Pako Guyot is a guyot in the Pacific Ocean.

== Name ==

The guyot is also known as Caiwei or Pallada after the .

== Geomorphology ==

Pako Guyot reaches a depth of 1350 m. It has dimensions of 40 × 65 km and features a summit plateau 2056 km2 wide at a depth of 1500–1650 m with a shape corresponding to an irregular rectangle-triangle. With an area of 13680 km2, Pako Guyot is the third-largest guyot on Earth, only behind Koko Seamount and Suiko Seamount.
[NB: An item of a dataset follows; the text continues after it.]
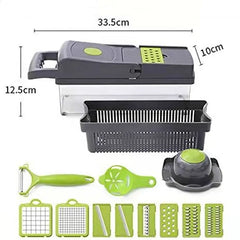 16-in-1 Vegetable Chopper – Multi-Function Dicer, Slicer, Grater & Shredder with Storage Container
The summit plateau is covered by sediments 25–100 m thick including foraminiferal ooze, while the flanks feature small-scale features such as depressions, ridges and trenches. Former reefs occur on the seamount and during the Cretaceous and Eocene left mudstones and limestones on the seamount. Later, pelagic limestones were emplaced on them. A 65 km2 large area on the northwestern corner of Pako Guyot's summit plateau is free of sediments.

== Geology ==

The guyot is part of the Magellan Seamounts. The seamount was volcanically active during the Cretaceous-Paleogene 91.3 million years ago and may have formed on a hotspot together with Ioah Guyot and Vlinder Guyot; a late phase of volcanism may have taken place in the Paleocene-Eocene. The hotspots that formed Pako Guyot were located in what is today French Polynesia.

Volcanic rocks dredged from Pako are of sodium-potassium hawaiitic and trachybasaltic composition and geochemically resemble these erupted by the Rarotonga hotspot. Clays with Cenomanian-age radiolarian fossils cover the entire lower slopes of Pako Guyot.

== Biota ==

Corals and squat lobsters have been found on the seamount. Ophiuroids, most of which are symbiotic with corals and sponges, live on the seamount and its flanks. Diverse communities including brittle stars, corals, fish, sea anemones, sea cucumbers, sea lilies, sea urchins, shrimp and starfish have been found at its feet, where organic matter accumulates. Ammonites lived on the seamount during the Cretaceous.

== Mining ==

The seamount features substantial deposits of ferromanganese and phosphorite ores. In 2014, China obtained a contract with the International Seabed Authority allowing for exploration of Pako Guyot for cobalt crusts.